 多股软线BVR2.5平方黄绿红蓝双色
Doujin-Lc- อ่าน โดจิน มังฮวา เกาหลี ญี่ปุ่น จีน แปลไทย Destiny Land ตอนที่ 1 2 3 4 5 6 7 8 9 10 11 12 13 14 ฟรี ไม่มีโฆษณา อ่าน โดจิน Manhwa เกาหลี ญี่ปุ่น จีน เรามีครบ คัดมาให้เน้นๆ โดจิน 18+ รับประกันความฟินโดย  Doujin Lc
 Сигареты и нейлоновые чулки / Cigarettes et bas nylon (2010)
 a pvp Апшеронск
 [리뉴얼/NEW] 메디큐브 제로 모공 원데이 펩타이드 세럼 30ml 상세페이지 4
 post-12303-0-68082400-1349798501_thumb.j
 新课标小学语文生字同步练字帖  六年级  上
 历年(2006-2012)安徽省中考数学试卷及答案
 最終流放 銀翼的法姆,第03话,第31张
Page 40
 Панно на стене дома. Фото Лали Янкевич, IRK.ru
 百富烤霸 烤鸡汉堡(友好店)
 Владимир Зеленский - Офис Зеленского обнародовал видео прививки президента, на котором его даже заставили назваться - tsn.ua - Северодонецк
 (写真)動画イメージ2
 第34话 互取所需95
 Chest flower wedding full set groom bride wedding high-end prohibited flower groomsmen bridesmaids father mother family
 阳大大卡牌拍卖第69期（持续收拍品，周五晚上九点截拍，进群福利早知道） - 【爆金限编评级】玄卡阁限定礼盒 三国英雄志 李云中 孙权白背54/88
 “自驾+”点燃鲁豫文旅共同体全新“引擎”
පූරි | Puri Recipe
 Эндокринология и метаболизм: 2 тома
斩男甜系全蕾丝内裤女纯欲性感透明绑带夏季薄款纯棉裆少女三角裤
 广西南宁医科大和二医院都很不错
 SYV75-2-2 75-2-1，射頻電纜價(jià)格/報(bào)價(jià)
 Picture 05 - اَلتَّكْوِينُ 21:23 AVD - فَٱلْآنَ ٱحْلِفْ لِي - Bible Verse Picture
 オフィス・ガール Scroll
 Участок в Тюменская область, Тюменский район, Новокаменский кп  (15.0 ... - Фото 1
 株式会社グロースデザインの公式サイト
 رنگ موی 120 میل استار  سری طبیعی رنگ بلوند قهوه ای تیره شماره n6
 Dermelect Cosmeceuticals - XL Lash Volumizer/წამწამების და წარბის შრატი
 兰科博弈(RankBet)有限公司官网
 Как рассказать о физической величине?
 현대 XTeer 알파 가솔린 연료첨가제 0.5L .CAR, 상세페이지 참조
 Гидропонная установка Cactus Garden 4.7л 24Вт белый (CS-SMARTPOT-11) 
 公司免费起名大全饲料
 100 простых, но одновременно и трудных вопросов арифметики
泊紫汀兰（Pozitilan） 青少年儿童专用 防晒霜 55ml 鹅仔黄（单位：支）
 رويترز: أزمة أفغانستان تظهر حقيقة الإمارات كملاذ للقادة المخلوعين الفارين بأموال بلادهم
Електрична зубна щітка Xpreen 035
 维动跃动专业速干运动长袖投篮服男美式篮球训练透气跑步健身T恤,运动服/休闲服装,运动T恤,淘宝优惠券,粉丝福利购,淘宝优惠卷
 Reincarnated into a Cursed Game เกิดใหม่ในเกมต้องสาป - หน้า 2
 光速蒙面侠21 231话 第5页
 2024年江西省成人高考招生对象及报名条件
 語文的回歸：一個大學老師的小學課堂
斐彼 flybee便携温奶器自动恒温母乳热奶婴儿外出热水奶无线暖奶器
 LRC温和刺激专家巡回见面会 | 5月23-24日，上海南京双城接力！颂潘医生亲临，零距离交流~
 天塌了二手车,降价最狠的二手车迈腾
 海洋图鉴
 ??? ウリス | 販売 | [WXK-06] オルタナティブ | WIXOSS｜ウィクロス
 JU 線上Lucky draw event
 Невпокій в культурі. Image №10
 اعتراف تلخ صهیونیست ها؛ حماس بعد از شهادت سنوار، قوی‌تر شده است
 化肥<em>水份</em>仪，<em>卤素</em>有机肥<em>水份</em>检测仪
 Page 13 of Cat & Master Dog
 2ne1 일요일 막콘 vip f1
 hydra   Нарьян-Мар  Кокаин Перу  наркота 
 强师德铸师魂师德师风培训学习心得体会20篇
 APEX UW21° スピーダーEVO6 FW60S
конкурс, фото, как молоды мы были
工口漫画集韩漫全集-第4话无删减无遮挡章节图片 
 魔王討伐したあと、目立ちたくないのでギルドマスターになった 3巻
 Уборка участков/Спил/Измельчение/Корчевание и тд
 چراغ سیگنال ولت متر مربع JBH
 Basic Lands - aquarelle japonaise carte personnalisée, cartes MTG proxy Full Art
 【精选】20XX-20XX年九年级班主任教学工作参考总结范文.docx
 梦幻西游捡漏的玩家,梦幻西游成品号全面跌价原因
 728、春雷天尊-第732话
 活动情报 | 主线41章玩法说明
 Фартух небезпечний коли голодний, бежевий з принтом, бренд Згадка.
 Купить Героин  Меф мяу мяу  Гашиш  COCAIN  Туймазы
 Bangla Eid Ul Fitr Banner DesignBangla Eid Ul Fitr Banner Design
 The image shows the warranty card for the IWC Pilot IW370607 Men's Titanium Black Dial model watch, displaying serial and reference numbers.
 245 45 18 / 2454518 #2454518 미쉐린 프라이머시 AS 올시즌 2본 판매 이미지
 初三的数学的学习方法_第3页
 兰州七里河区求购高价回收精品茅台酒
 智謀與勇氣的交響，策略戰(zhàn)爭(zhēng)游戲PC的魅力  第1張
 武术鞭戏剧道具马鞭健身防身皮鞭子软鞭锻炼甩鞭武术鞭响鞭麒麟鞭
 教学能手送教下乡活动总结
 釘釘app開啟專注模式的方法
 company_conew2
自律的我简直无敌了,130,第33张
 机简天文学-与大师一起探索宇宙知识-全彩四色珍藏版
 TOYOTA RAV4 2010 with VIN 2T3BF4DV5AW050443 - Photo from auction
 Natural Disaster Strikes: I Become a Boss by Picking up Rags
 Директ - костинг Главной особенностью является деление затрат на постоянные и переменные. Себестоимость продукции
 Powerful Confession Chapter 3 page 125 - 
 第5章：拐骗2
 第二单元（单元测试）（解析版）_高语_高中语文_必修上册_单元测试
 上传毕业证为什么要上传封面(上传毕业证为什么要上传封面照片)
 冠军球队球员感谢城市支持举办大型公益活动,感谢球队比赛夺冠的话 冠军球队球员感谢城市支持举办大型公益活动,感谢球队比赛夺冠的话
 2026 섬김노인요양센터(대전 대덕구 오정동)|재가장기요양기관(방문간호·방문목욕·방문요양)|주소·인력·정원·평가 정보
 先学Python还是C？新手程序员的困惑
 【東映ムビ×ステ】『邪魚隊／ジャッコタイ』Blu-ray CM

**How to complete this task**
Return each entry from above without altering a single character.

**The completed task**
 多股软线BVR2.5平方黄绿红蓝双色
Doujin-Lc- อ่าน โดจิน มังฮวา เกาหลี ญี่ปุ่น จีน แปลไทย Destiny Land ตอนที่ 1 2 3 4 5 6 7 8 9 10 11 12 13 14 ฟรี ไม่มีโฆษณา อ่าน โดจิน Manhwa เกาหลี ญี่ปุ่น จีน เรามีครบ คัดมาให้เน้นๆ โดจิน 18+ รับประกันความฟินโดย  Doujin Lc
 Сигареты и нейлоновые чулки / Cigarettes et bas nylon (2010)
 a pvp Апшеронск
 [리뉴얼/NEW] 메디큐브 제로 모공 원데이 펩타이드 세럼 30ml 상세페이지 4
 post-12303-0-68082400-1349798501_thumb.j
 新课标小学语文生字同步练字帖  六年级  上
 历年(2006-2012)安徽省中考数学试卷及答案
 最終流放 銀翼的法姆,第03话,第31张
Page 40
 Панно на стене дома. Фото Лали Янкевич, IRK.ru
 百富烤霸 烤鸡汉堡(友好店)
 Владимир Зеленский - Офис Зеленского обнародовал видео прививки президента, на котором его даже заставили назваться - tsn.ua - Северодонецк
 (写真)動画イメージ2
 第34话 互取所需95
 Chest flower wedding full set groom bride wedding high-end prohibited flower groomsmen bridesmaids father mother family
 阳大大卡牌拍卖第69期（持续收拍品，周五晚上九点截拍，进群福利早知道） - 【爆金限编评级】玄卡阁限定礼盒 三国英雄志 李云中 孙权白背54/88
 “自驾+”点燃鲁豫文旅共同体全新“引擎”
පූරි | Puri Recipe
 Эндокринология и метаболизм: 2 тома
斩男甜系全蕾丝内裤女纯欲性感透明绑带夏季薄款纯棉裆少女三角裤
 广西南宁医科大和二医院都很不错
 SYV75-2-2 75-2-1，射頻電纜價(jià)格/報(bào)價(jià)
 Picture 05 - اَلتَّكْوِينُ 21:23 AVD - فَٱلْآنَ ٱحْلِفْ لِي - Bible Verse Picture
 オフィス・ガール Scroll
 Участок в Тюменская область, Тюменский район, Новокаменский кп  (15.0 ... - Фото 1
 株式会社グロースデザインの公式サイト
 رنگ موی 120 میل استار  سری طبیعی رنگ بلوند قهوه ای تیره شماره n6
 Dermelect Cosmeceuticals - XL Lash Volumizer/წამწამების და წარბის შრატი
 兰科博弈(RankBet)有限公司官网
 Как рассказать о физической величине?
 현대 XTeer 알파 가솔린 연료첨가제 0.5L .CAR, 상세페이지 참조
 Гидропонная установка Cactus Garden 4.7л 24Вт белый (CS-SMARTPOT-11) 
 公司免费起名大全饲料
 100 простых, но одновременно и трудных вопросов арифметики
泊紫汀兰（Pozitilan） 青少年儿童专用 防晒霜 55ml 鹅仔黄（单位：支）
 رويترز: أزمة أفغانستان تظهر حقيقة الإمارات كملاذ للقادة المخلوعين الفارين بأموال بلادهم
Електрична зубна щітка Xpreen 035
 维动跃动专业速干运动长袖投篮服男美式篮球训练透气跑步健身T恤,运动服/休闲服装,运动T恤,淘宝优惠券,粉丝福利购,淘宝优惠卷
 Reincarnated into a Cursed Game เกิดใหม่ในเกมต้องสาป - หน้า 2
 光速蒙面侠21 231话 第5页
 2024年江西省成人高考招生对象及报名条件
 語文的回歸：一個大學老師的小學課堂
斐彼 flybee便携温奶器自动恒温母乳热奶婴儿外出热水奶无线暖奶器
 LRC温和刺激专家巡回见面会 | 5月23-24日，上海南京双城接力！颂潘医生亲临，零距离交流~
 天塌了二手车,降价最狠的二手车迈腾
 海洋图鉴
 ??? ウリス | 販売 | [WXK-06] オルタナティブ | WIXOSS｜ウィクロス
 JU 線上Lucky draw event
 Невпокій в культурі. Image №10
 اعتراف تلخ صهیونیست ها؛ حماس بعد از شهادت سنوار، قوی‌تر شده است
 化肥<em>水份</em>仪，<em>卤素</em>有机肥<em>水份</em>检测仪
 Page 13 of Cat & Master Dog
 2ne1 일요일 막콘 vip f1
 hydra   Нарьян-Мар  Кокаин Перу  наркота 
 强师德铸师魂师德师风培训学习心得体会20篇
 APEX UW21° スピーダーEVO6 FW60S
конкурс, фото, как молоды мы были
工口漫画集韩漫全集-第4话无删减无遮挡章节图片 
 魔王討伐したあと、目立ちたくないのでギルドマスターになった 3巻
 Уборка участков/Спил/Измельчение/Корчевание и тд
 چراغ سیگنال ولت متر مربع JBH
 Basic Lands - aquarelle japonaise carte personnalisée, cartes MTG proxy Full Art
 【精选】20XX-20XX年九年级班主任教学工作参考总结范文.docx
 梦幻西游捡漏的玩家,梦幻西游成品号全面跌价原因
 728、春雷天尊-第732话
 活动情报 | 主线41章玩法说明
 Фартух небезпечний коли голодний, бежевий з принтом, бренд Згадка.
 Купить Героин  Меф мяу мяу  Гашиш  COCAIN  Туймазы
 Bangla Eid Ul Fitr Banner DesignBangla Eid Ul Fitr Banner Design
 The image shows the warranty card for the IWC Pilot IW370607 Men's Titanium Black Dial model watch, displaying serial and reference numbers.
 245 45 18 / 2454518 #2454518 미쉐린 프라이머시 AS 올시즌 2본 판매 이미지
 初三的数学的学习方法_第3页
 兰州七里河区求购高价回收精品茅台酒
 智謀與勇氣的交響，策略戰(zhàn)爭(zhēng)游戲PC的魅力  第1張
 武术鞭戏剧道具马鞭健身防身皮鞭子软鞭锻炼甩鞭武术鞭响鞭麒麟鞭
 教学能手送教下乡活动总结
 釘釘app開啟專注模式的方法
 company_conew2
自律的我简直无敌了,130,第33张
 机简天文学-与大师一起探索宇宙知识-全彩四色珍藏版
 TOYOTA RAV4 2010 with VIN 2T3BF4DV5AW050443 - Photo from auction
 Natural Disaster Strikes: I Become a Boss by Picking up Rags
 Директ - костинг Главной особенностью является деление затрат на постоянные и переменные. Себестоимость продукции
 Powerful Confession Chapter 3 page 125 - 
 第5章：拐骗2
 第二单元（单元测试）（解析版）_高语_高中语文_必修上册_单元测试
 上传毕业证为什么要上传封面(上传毕业证为什么要上传封面照片)
 冠军球队球员感谢城市支持举办大型公益活动,感谢球队比赛夺冠的话 冠军球队球员感谢城市支持举办大型公益活动,感谢球队比赛夺冠的话
 2026 섬김노인요양센터(대전 대덕구 오정동)|재가장기요양기관(방문간호·방문목욕·방문요양)|주소·인력·정원·평가 정보
 先学Python还是C？新手程序员的困惑
 【東映ムビ×ステ】『邪魚隊／ジャッコタイ』Blu-ray CM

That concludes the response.